Self-supervised learning survey

2020/07/30 15:00:00 2020/07/30 15:00:00 note self-supervised learning

Survey: Self-supervised learning: Generative or Contrastive

清华唐杰团队的工作,比较完整。

PDF FILE (包含一些笔记)


自监督任务的方法共分为3类,分别为生成式(generative)、判别式(contrastive)、对抗式(generative-contrastive (adversarial)),他们的区别如下。

compare

GENERATIVE SELF-SUPERVISED LEARNING

Auto-regressive (AR) Model

  • pros: The advantage of auto-regressive models is that it can model the context dependency well.

  • cons: However, one shortcoming of the AR model is that the token at each position can only access its context from one direction.

Flow-based Model

Auto-encoding (AE) Model

  1. Basic AE Model
  2. Context Prediction Model (CPM): The idea of the Context Prediction Model (CPM) is predicting contextual information based on inputs.
  3. The idea of denoising autoencoder models is that representation should be robust to the introduction of noise. The masked language model (MLM) can be regarded as a denoising because its input masks predicted tokens.
  4. Variational AE Model

Hybrid Generative Models

  1. Combining AR and AE Model.
  2. Combining AE and Flow-based Models

CONTRASTIVE SELF-SUPERVISED LEARNING: Contrastive learning aims at “learn to compare”.

context-instance contrast: 即对比某个样本及其它的语境

  1. Predict Relative Position (PRP): 直观的理解,是将原始数据的好几个部分用某种方式打乱,然后使用一个辅助的任务尝试恢复原有的数据。

例:在CV中,将某个样本,a) 分割成几个部分,然后打乱顺序,附加任务为恢复顺序;b) 做旋转,附加任务是将旋转后的样本恢复;c) 分割后完成一个拼图游戏。

  1. Maximize Mutual Information:直观来讲,即使用互信息来表征某个instance是否属于一个context,给定一个context-instance pair,并给定其是否属于同一个样本的标签(0:不属于,1:属于),则最小化正样本的互信息,并最大化负样本的互信息。
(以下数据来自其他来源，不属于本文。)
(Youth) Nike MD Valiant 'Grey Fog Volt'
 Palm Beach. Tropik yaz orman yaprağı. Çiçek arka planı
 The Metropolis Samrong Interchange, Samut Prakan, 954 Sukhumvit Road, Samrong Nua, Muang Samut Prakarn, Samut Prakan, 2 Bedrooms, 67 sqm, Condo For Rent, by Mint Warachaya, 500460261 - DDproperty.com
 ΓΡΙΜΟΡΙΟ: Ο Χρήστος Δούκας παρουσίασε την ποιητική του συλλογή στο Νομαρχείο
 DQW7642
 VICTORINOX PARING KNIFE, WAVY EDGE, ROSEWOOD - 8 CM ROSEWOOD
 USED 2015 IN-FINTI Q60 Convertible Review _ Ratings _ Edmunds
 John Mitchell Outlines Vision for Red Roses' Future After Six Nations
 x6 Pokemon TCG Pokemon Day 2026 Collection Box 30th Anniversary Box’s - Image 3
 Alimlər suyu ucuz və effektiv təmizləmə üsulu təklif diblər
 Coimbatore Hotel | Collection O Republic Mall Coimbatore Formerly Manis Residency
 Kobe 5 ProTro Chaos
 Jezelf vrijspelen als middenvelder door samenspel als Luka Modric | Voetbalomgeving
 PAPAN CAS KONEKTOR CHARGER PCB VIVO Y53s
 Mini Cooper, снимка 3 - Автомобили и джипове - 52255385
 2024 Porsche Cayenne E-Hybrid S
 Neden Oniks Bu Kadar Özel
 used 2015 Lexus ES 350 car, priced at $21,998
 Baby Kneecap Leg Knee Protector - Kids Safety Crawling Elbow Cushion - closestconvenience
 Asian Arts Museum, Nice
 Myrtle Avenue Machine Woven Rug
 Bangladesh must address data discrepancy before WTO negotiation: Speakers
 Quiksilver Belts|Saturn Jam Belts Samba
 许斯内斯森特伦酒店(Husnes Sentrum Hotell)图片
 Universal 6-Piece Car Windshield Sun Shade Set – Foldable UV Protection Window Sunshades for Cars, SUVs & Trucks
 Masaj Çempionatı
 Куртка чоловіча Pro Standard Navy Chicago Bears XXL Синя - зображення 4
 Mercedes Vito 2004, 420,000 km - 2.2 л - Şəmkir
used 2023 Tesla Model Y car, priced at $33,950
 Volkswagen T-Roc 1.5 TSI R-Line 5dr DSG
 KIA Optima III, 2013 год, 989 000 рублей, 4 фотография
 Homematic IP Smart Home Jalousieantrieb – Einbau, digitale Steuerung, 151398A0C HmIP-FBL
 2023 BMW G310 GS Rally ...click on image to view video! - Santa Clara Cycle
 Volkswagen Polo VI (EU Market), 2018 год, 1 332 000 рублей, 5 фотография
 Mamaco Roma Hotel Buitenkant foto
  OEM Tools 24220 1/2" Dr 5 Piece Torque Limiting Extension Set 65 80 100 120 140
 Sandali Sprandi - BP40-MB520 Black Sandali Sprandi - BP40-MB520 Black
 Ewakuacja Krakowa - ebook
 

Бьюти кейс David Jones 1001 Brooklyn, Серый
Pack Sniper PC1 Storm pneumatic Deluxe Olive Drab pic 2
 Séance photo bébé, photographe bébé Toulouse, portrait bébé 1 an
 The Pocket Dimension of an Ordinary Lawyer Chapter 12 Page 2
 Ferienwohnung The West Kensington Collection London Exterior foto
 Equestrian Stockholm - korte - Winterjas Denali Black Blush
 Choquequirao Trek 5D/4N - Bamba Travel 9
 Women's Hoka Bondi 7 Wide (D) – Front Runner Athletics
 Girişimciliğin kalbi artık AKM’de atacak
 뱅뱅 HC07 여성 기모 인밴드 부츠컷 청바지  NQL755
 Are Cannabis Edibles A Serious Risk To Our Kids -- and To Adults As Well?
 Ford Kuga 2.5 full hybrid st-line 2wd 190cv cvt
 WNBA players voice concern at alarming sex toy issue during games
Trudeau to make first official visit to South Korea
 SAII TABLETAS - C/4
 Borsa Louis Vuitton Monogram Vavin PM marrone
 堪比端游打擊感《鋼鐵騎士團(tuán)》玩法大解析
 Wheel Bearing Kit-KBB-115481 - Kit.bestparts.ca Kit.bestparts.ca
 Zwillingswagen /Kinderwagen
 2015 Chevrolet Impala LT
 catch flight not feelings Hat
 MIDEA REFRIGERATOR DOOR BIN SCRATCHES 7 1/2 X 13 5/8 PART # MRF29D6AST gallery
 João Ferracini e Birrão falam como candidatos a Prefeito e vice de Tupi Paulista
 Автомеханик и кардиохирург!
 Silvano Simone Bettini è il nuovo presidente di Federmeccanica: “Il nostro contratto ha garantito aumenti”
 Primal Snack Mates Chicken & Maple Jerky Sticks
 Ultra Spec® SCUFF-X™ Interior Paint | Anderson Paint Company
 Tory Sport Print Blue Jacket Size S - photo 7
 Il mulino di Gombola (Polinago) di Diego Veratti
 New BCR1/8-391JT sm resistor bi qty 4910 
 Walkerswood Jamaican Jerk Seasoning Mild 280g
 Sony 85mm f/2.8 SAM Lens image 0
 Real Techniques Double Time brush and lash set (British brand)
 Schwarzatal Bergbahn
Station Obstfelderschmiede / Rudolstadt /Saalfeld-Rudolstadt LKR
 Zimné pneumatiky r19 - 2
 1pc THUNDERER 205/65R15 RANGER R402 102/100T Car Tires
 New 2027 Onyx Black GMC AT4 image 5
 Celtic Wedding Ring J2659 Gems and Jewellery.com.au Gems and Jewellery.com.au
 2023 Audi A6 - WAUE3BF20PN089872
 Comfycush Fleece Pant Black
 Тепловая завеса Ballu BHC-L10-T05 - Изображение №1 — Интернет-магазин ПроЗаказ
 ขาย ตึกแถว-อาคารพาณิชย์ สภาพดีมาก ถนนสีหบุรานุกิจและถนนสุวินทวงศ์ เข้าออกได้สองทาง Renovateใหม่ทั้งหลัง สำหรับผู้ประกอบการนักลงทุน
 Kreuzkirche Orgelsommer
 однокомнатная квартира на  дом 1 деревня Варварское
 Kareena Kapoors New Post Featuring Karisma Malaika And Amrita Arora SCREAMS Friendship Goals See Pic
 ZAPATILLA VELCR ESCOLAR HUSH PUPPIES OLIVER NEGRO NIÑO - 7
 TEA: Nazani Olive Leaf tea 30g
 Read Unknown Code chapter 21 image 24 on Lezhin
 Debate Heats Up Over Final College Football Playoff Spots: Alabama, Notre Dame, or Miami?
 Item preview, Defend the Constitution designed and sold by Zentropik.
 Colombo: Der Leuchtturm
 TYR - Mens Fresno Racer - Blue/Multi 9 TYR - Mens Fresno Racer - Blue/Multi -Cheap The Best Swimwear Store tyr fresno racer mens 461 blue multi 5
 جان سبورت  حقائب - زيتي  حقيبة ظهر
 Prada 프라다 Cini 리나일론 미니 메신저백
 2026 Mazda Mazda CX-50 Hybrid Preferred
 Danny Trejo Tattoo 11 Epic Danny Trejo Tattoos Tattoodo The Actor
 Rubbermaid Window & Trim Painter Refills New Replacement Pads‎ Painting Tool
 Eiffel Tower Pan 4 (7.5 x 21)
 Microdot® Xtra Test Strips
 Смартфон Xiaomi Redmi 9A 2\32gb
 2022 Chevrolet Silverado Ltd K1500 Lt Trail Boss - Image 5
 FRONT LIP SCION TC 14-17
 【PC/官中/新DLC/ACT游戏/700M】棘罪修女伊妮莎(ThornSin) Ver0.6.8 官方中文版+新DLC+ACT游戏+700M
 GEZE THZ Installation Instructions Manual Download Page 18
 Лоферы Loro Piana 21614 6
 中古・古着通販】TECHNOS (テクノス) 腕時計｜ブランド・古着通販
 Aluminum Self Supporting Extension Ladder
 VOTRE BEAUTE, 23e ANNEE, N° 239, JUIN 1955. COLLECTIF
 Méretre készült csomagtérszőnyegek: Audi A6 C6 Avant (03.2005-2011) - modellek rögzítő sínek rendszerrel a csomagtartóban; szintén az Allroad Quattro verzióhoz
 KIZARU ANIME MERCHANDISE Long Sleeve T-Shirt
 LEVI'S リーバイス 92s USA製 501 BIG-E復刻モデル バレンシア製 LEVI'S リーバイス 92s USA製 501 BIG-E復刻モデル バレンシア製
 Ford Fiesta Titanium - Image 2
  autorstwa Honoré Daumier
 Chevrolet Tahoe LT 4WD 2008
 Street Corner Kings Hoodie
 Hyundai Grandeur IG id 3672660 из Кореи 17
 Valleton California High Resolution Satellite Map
cons: The [132] provides empirical evidence that the success of the models mentioned above is only loosely connected to MI by showing that an upper bound MI estimator leads to ill-conditioned and lower performance representation. Instead, more should be attributed to encoder architecture and a negative sampling strategy related to metric learning.

Some examples:

(CV) maximize the MI between a local patch and its global context.

(speech) CPC maximize the association between a segment of audio and its context audio.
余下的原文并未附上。